Transcribe exactly everything in the data below from the line containing "Обложка для паспорта" down to the line containing "Thanksgiving Bingo Card", both lines included and nothing further.

● SUPPLIED MATERIAL
================

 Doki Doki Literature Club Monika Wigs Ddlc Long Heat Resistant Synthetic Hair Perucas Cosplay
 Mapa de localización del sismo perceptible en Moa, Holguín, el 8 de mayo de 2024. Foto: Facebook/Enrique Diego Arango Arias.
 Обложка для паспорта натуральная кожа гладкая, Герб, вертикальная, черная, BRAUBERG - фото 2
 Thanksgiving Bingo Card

================

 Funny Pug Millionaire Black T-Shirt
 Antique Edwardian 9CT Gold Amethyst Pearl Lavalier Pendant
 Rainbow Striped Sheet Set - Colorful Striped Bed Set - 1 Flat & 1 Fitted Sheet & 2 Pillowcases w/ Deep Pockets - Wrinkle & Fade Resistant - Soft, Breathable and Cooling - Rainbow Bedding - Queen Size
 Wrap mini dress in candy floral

================

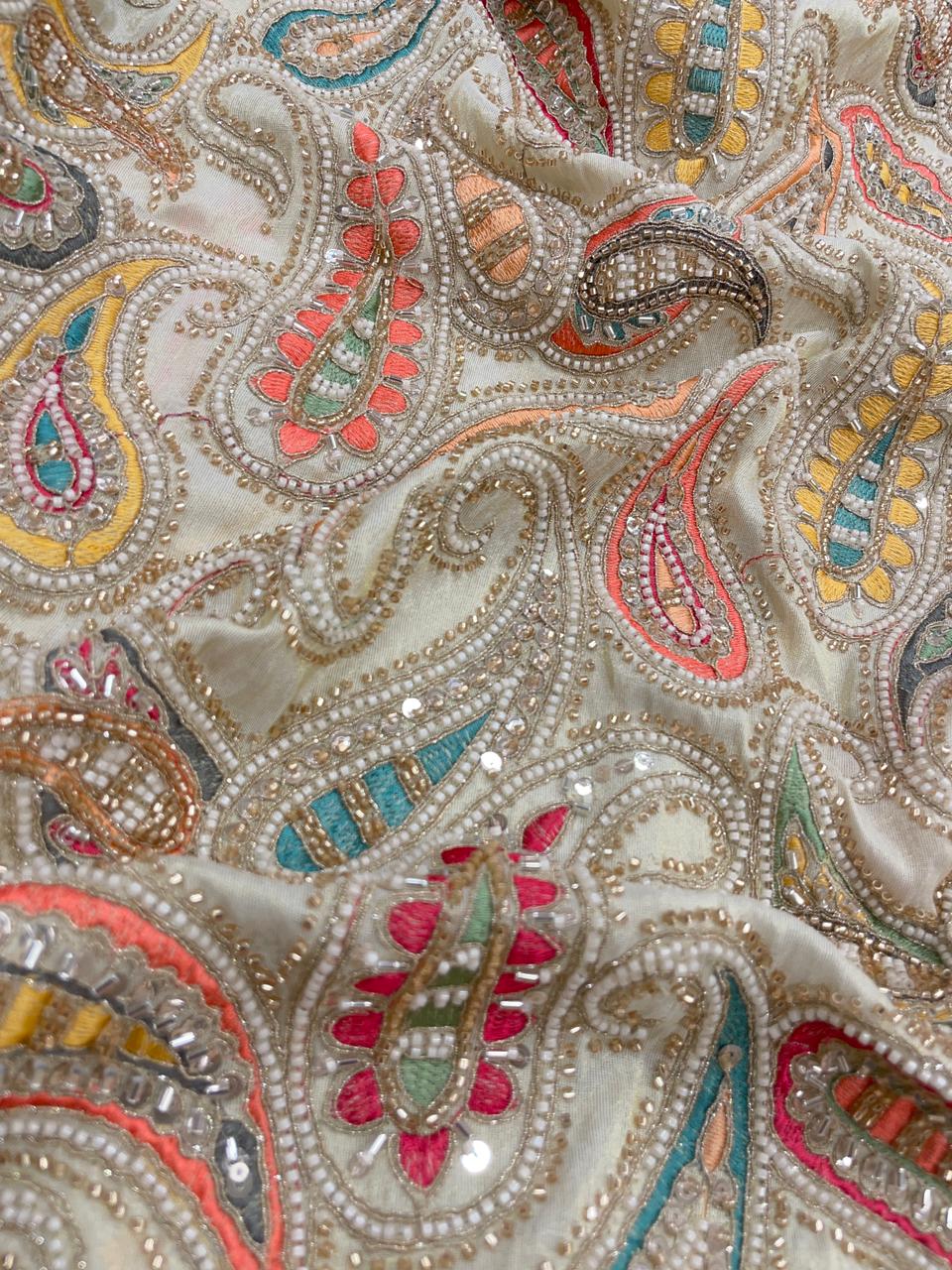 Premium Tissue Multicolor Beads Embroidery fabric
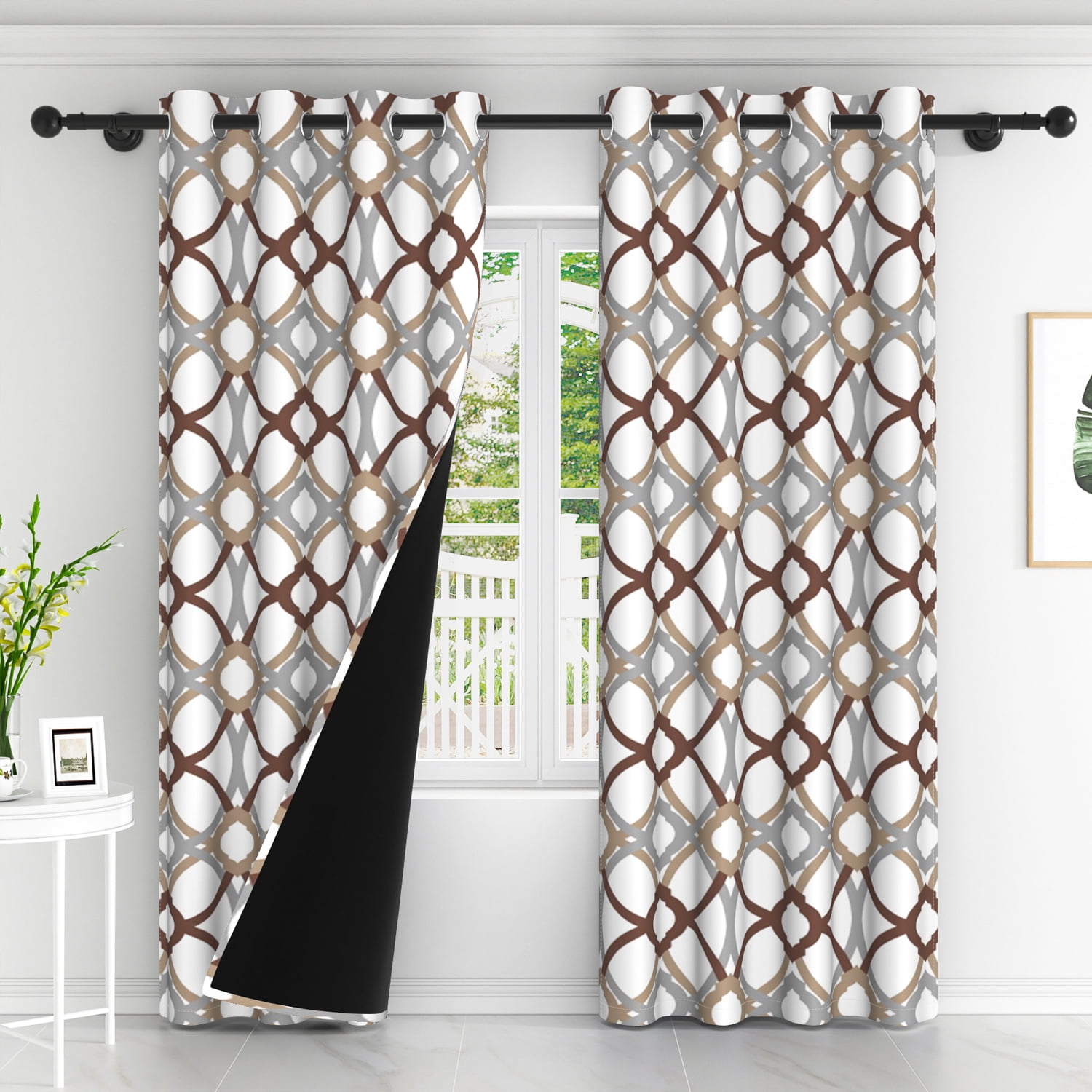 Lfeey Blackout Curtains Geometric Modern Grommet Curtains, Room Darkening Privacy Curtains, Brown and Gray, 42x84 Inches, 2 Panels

================

● RESPONSE TO THIS EXERCISE
 Обложка для паспорта натуральная кожа гладкая, Герб, вертикальная, черная, BRAUBERG - фото 2
 Thanksgiving Bingo Card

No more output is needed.